基于质谱的单细胞蛋白质组学技术的发展及应用

doi:10.13560/j.cnki.biotech.bull.1985.2024-0360

摘要/Abstract

摘要：

单细胞多组学技术为生命科学和医学注入新的活力，能够从更微观的细胞尺度、更高维的时空角度、更交叉的组学视野来探索生命的未知、拓展医学的边界。单细胞蛋白质组学是从时间和空间上研究单个或单一类型细胞的蛋白质表达异质性。尽管存在通量、灵敏度、分辨率等技术难点，基于质谱的细胞尺度的时空蛋白质组学技术凭借无偏检测、鉴定种类多、定量准确等特点而备受关注。本文综述了近年来单细胞蛋白质组学的发展，从单细胞分选、样品前处理、质谱检测和数据分析四个方面介绍相关技术进展，并探讨了其在生命科学与医学等研究中的应用，展望了未来面临的挑战和发展前景。在单细胞水平上进行时空蛋白质组学研究的挑战与机遇并存，而新兴的单细胞蛋白质组学技术无疑将为相关研究领域提供新的思路方法、认知线索和多模态数据等宝贵资源。

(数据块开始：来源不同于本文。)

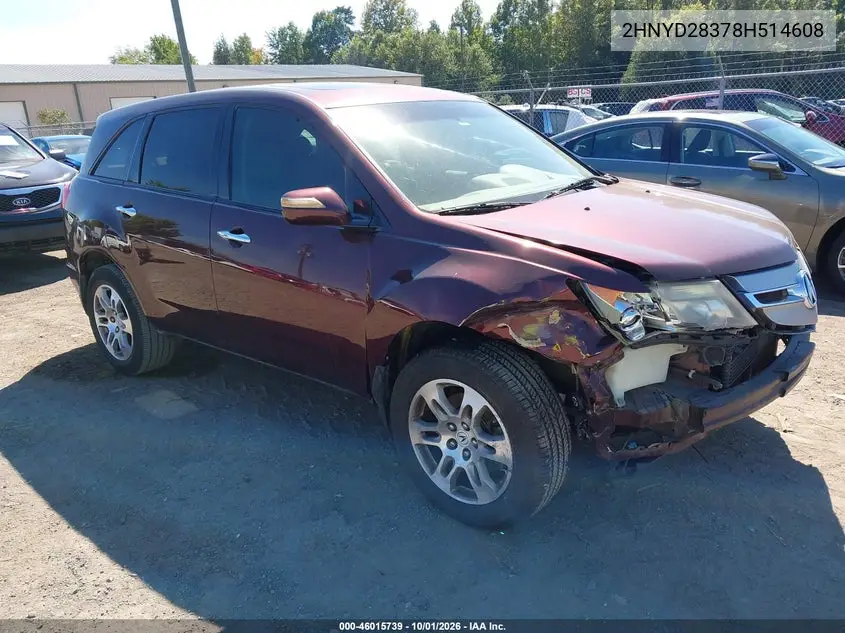 ACURA MDX 2008, VIN 2HNYD28378H514608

关键词: 单细胞蛋白质组学, 质谱, 细胞尺度的时空蛋白质组学技术

Abstract:

Single-cell multi-omics technologies have brought new vitality into life sciences and medicine and enable us to explore the unknowns of life and expand the boundaries of medicine from a more microscopic cellular scale, a higher-dimensional spatial-temporal perspective, and a more intersectional vision of genomics. Single-cell proteomics（SCP）is the study of the temporal and spatial heterogeneity of protein expression in a single or a single type of cell. Despite technical difficulties such as throughput, sensitivity, and resolution, mass spectrometry-based cell-scale spatiotemporal proteomics technologies have attracted much attention due to its characteristics of unbiased detection, multiple identification types and accurate quantification. This paper reviews the development of single-cell proteomics in recent years, introduces the related technological advances in four aspects, namely, single-cell sorting, sample pre-treatment, mass spectrometry detection, and data analysis, and discusses its applications and prospects for development in life science and medical research. Spatiotemporal proteomics research at the single-cell level presents both challenges and opportunities, and the emerging single-cell proteomics technologies will undoubtedly provide new ideas and methods, cognitive clues, and multimodal data, and other valuable resources for related research fields.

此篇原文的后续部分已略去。